A simpler, fourth idiom for appending

This morning, I realized that there is a fourth approach to appending items to a vector that combines elements of the first and third. I’m embarrassed to have missed this one because it is a longstanding, well-understood approach that’s particularly applicable to the kinds of “list comprehension algorithms” I’m considering in this series.

Reviewing the output of the first method, a large proportion of the extra effort is due to the incremental allocation of the vector’s data member, where the values are actually stored. In some use cases, this is the best you can do because you do not know in advance how large the result is going to be. However, in the case considered in our examples, we know exactly how many elements the result will have: exactly as many elements as the source vector. In such cases, we can pre-allocate a storage block of the right size and then the back insertions simply consist of moving the values into that allocated space, with no reallocations to expand the vector. This was a crucial part of the efficiency of the third idiom, using emplace_back().

This approach simply adds one line to the first idiom:

Coll c4 {};
c4.reserve(init.size());
transform (init.cbegin(), init.cend(), back_inserter(c4),
           [] (auto i) { return C(i, i); });

This code performs considerably fewer operations than the first idiom:

New collection c4
[Vector allocates space for at least 5 values, c4[0] to c4[4]]

// Append C(0, 0)
Basic constructor for T0
Move constructor for c4[0] from T0
Destructor for T0

// Append C(1, 1)
Basic constructor for T0
Move constructor for c4[1] from T0
Destructor for T0

// Append C(2, 2)
Basic constructor for T0
Move constructor for c4[2] from T0
Destructor for T0

// Append C(3, 3)
Basic constructor for T0
Move constructor for c4[3] from T0
Destructor for T0

// Append C(4, 4)
Basic constructor for T0
Move constructor for c4[4] from T0
Destructor for T0

We have completely eliminated the allocate/copy/deallocate sequences. We always have to construct the value, so the only extra work performed relative to the third, emplace_back()-based, idiom is the move-assign from the temporary value and its destruction. Both of these are likely to be fast. The move will be fast for objects that are small or implemented as small handles to a larger heap data object, though it will be slower for objects that contain a large amount of data directly. The destructor will typically be fast or even nonexistent, a simple pop of the stack pointer.

This method also has the substantial advantage of neatly fitting as a sink for a standard algorithm, unlike the third idiom, which was incompatible with the standard algorithms and required reconstructing them from for loops and basic logic. For the case where the exact size of the result is known in advance, this idiom is likely preferable to the emplace_back() approach.
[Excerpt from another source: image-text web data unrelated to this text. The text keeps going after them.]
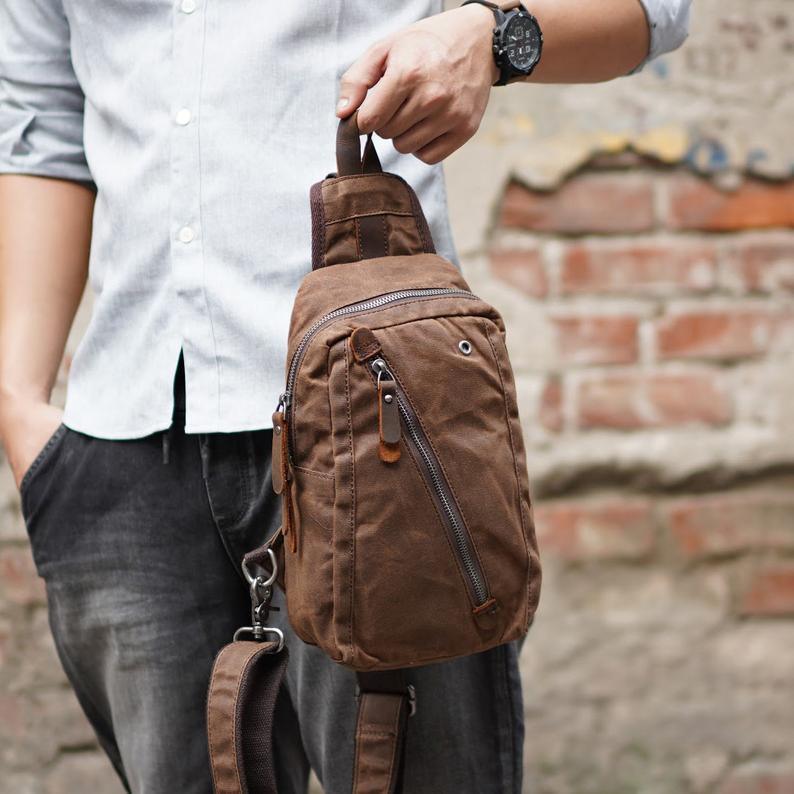 Woosir Sling Backpack Mens Waxed Canvas Crossbody Bag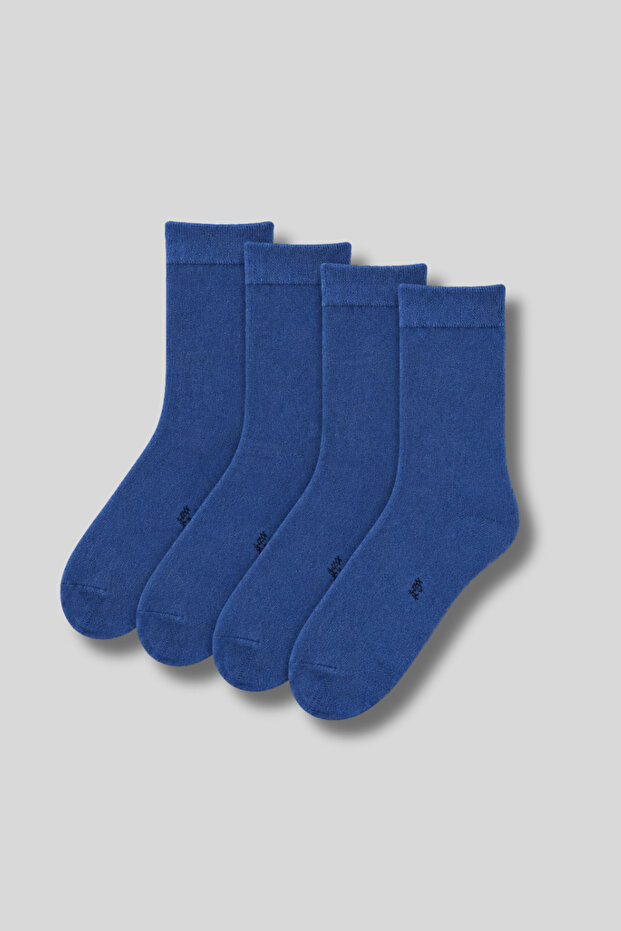عبوة من 4 جوارب رجالية متوسطة الطول من الخيزران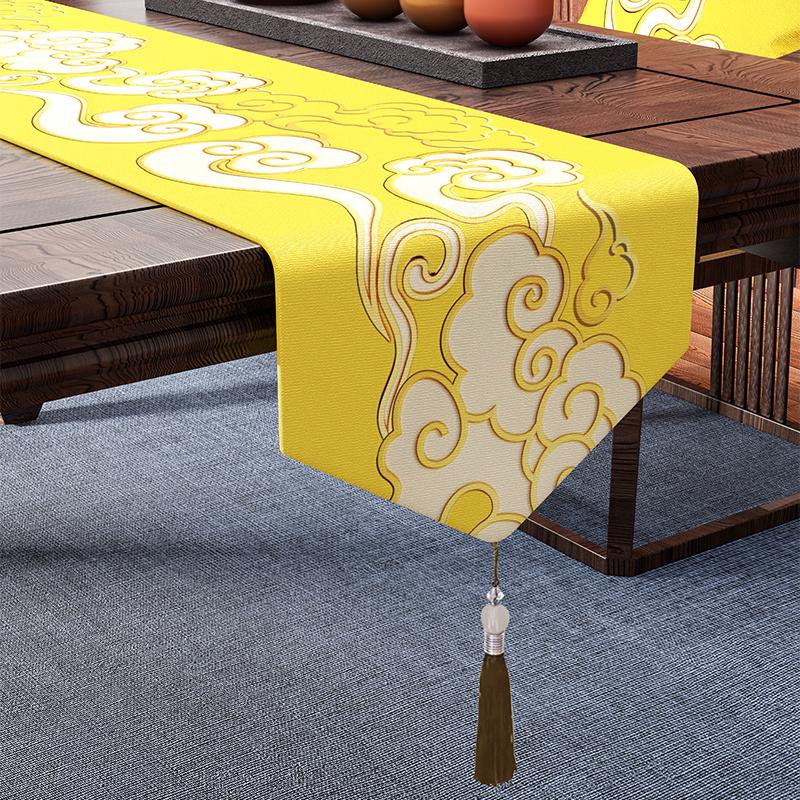 Chinese Style Coffee Table Table Flag Parlor Meal Tables Tassel Pendant Tea Waterproof High-end Long Tea Mat Cover Cloth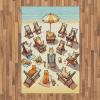 Ambesonne Classic Area Rug, Hedonistic Pampered Room in Muted Tones Neutral Colors Rich Ornament, Flat Woven Accent Rug for Living Room Bedroom Dining Room, 4′ X 5′ 7″, Coconut and Off White(Beige Orange Pale Blue)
Applying this pattern for filters

Unlike the std::transform algorithm in the above example, there are algorithms where we do not know the number of results in advance. Consider std::copy_if(). We know the maximum number of results, which can never be larger than the source, but the actual size is determined by the number of elements for which the filter returns true. If we’re willing to over-reserve space, we can just use the above approach and accept that capacity may exceed size, perhaps significantly. This problem also exists for the emplace_back() approach, whose efficiency also depended upon pre-reservation.

C++11 added the std::vector::shrink_to_fit() function, which potentially eliminates the extra space after the copy_if() completes, but the standard gives implementers wide latitude: The function could do nothing at all, shrink the vector’s data in place, or allocate-and-copy into a smaller region. Whether it provides a real performance improvement will be specific to your application and library.

Reconsidering my critique of the STL design in light of this idiom

I ended the last post by carping on the decision load imposed by the STL design on programmers, who have to choose amongst multiple idioms, each of which exceeds the others by at least one criterion. The addition of this idiom simplifies the choice substantially. For many, many use cases, I would choose this idiom.

But not for all cases. Large PODType objects are best handled via emplace_back(), which never copies or moves the value. Objects whose constructors and destructors perform expensive resource reservation / release pairs are also be better-suited to emplace_back()—though I cannot think of many actual use cases where large numbers of such objects are going to be stored in a vector.

In short, the pre-reserve/back_insert approach is appropriate for a wide range of use cases, making it a useful default idiom. Programmers must still take care to avoid it in those cases where it will be substantially more inefficient than the emplace_back() idiom.

The larger point remains, although its severity is tempered: By exposing so many decisions to the programmer, the C++ language and its Standard Library increase the effort required to solve common tasks. Whether the potential gains in efficiency and robustness are worth the extra effort remains an open question.